We can use the free command to examine the memory:
total used free shared buff/cache available Mem: 16215816 950492 334672 10272 14930652 14531088 Swap: 8191996 740272 7451724
So, that is 16 GB of memory.
The data from the night of 20160411 = Apr 11, 2016, consists of measurements from 8 CMOS chips. Each chip generated 126 "chunks"; a "chunk" is 360 FITS images compressed into a single big file, representing about 3 minutes of data from the sky. The size of a raw "chunk" is about 1.8 TB, and it represents observations covering a span of about 6.5 hours.
The pipeline breaks up the "chunk" into individual FITS images, cleans then, finds and measures stars in each image, then calibrates the stars astrometrically and photometrically. The output is a set of calibrated star lists.
How long does it take the pipeline to run, and what happens if we try to run multiple pipelines in parallel?
The Linux time command reports three values for a process:
I have run the pipeline on the machine "pmdata" in several configurations: one pipeline at a time, 2 pipeline simultaneously, and 3 pipelines simultaneously. Let's look at the results.
One pipeline at a time It took about 6:08 (6 hours, 8 minutes) to process the entire set for chip 0.
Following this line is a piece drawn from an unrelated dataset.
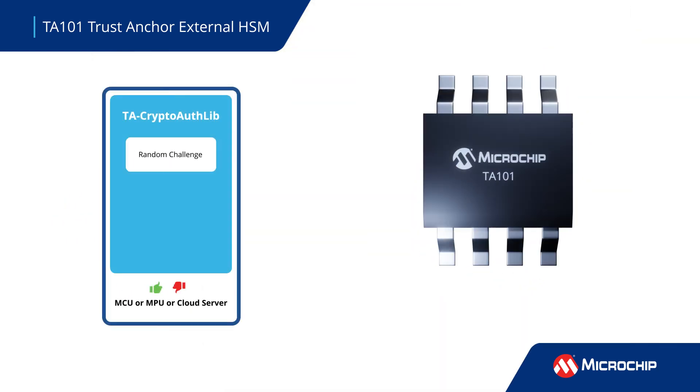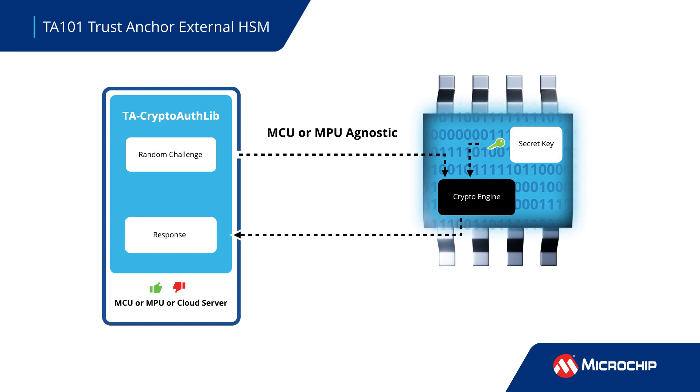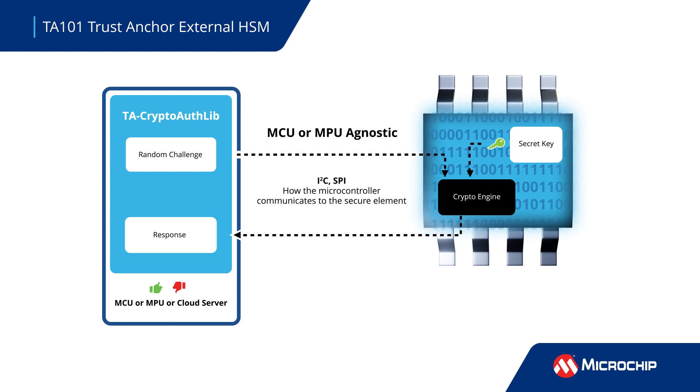The TA101 is a companion secure key storage device that can be used with any microcontroller or microprocessor. Available in 8-lead SOIC and 24-pad VQFN packages, the TA101 features SPI and I2C interfaces and support for multiple asymmetric, symmetric, and hashing security protocols to provide an ultra-secure method for key agreement and sign-verify authentication.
Two pipelines simultaneously I tried small tests in which I explicitly forced one pipeline to run on one particular CPU, but the pipeline to run a different particular CPU. The time it took to run tasks in parallel appeared to be the same as if I allowed the OS to pick the CPUs for each job. So, these numbers represent the times when the OS is choosing the CPUs/cores for every process and sub-process.
Overnight on Apr 25/26
chip 1 chip 2 real (HH:MM) 06:57 06:54 user (seconds) 16,493 15,747 sys (seconds) 2,756 2,787 number of stars 4.6 M 4.5 M
Overnight on Apr 26/27. There may have been small changes in some of the pipeline code since the previous results shown above.
chip 6 chip 7 real (HH:MM) 05:27 05:29 user (seconds) 10,333 10,414 sys (seconds) 3,063 3,050 number of stars 4.8 M 4.4 M
Three pipelines simultaneously In this case again, the OS is choosing which processors to use for each pipeline process and sub-process.
Late afternoon and evening, Apr 27
chip 3 chip 4 chip 5 real (HH:MM) 07:48 07:47 08:06 user (seconds) 10,892 10,969 11.571 sys (seconds) 3,575 3,571 3,606 number of stars 4.6 M 4.3 M 5.1 M
Running 2 pipelines simultaneously appears to be nearly as fast as running a single pipeline. That's good.
But running 3 pipelines simultaneously appears to slow down considerably, taking roughly 1.3 times as long as a single pipeline. Of course, the machine does process three entire chips during that time, so the net result is still faster than running 3 pipelines sequentially.
When running 3 pipelines simultaneously, the "sys" portion of the execution time increases. This is expected if the disk I/O is becoming a bottleneck for the processing. The system may have to wait for one pipeline to read data from a disk file before it can read data for a second pipeline, for example.
I will run additional tests over the next few days, including running 4 pipelines simultaneously.